Ne fu coinvolto anche il 10° conte di Camino Geronimo Scarampi, poi perdonato dalla vedova Anna Vittoria, il quale cedette nel 1691 il feudo di Pontestura ai marchesi Gozzani di Treville Carlo Antonio vescovo di Acqui, Giacomo Bartolomeo vice presidente del senato monferrino, Giovanni Battista vicario generale di Casale e  Antonino di San Giorgio. Nel 1684 il feudo di Monromeo era stato acquistato con un prestito di 4200 fiorini depositato alla comunità di Serralunga di Crea tramite il tenente Cerrano al servizio dei Gonzaga, rogato dal notaio Giacomo Porta suocero del ricco cugino Francesco Gozzano di Cereseto. La proprietà passò a Francesco Bernardino Gozzano, genero di Francesco Perracino procuratore di Giacomo Bartolomeo. Bernardino, figlio del notaio casalese Antonio, fu l’ultimo della famiglia che si trasferì in Monferrato cedendo la casa padronale al comune di Luzzogno come da atto rogato dal notaio Albergante di Omegna nel 1709. La pronipote contessa Teresa Gozzani, figlia di Giovanni Battista e della contessa Petronilla Callori di Vignale, fu l’ultima residente della famiglia a Monromeo.

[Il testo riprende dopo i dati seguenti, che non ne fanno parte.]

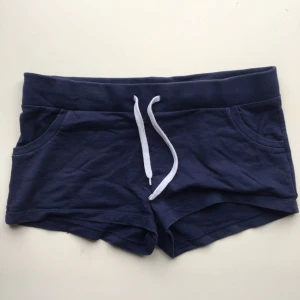  - Sköna, mjuka shorts i bomull från Divided by H&M. Praktiska fickor, vilket mjuka shorts sällan har. Sparsamt använda.   Plasten på ena snöret har lossnat lite, se bild 3. Säljes pga att de är för stora för mig.   Kan mötas upp i innerstan, Täby eller Vaxholm, annars står köparen för frakt. 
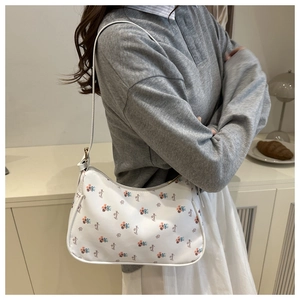Detail of floral canvas hobo bag with zip closure and elegant shoulder strap on model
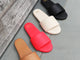 Group shot of Baza leather slide sandals in honey, cherry, eggshell, black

Cugini dei più famosi marchesi, utilizzarono il loro stemma ancora oggi visibile sul banco di preghiera nel duomo di Casale e infeudati di Ponzano dai Savoia per meriti militari. Molti anni dopo altri discendenti dei Gozzani  tramandarono le antiche storie di famiglia tramite i matrimoni con Isabella di Giulio Cesare Lascaris presidente del senato monferrino e conte di Castellar di Ventimiglia, con Giacinto Magnocavallo dei conti di Varengo e con Giuseppina Sannazzaro dei conti di Giarole.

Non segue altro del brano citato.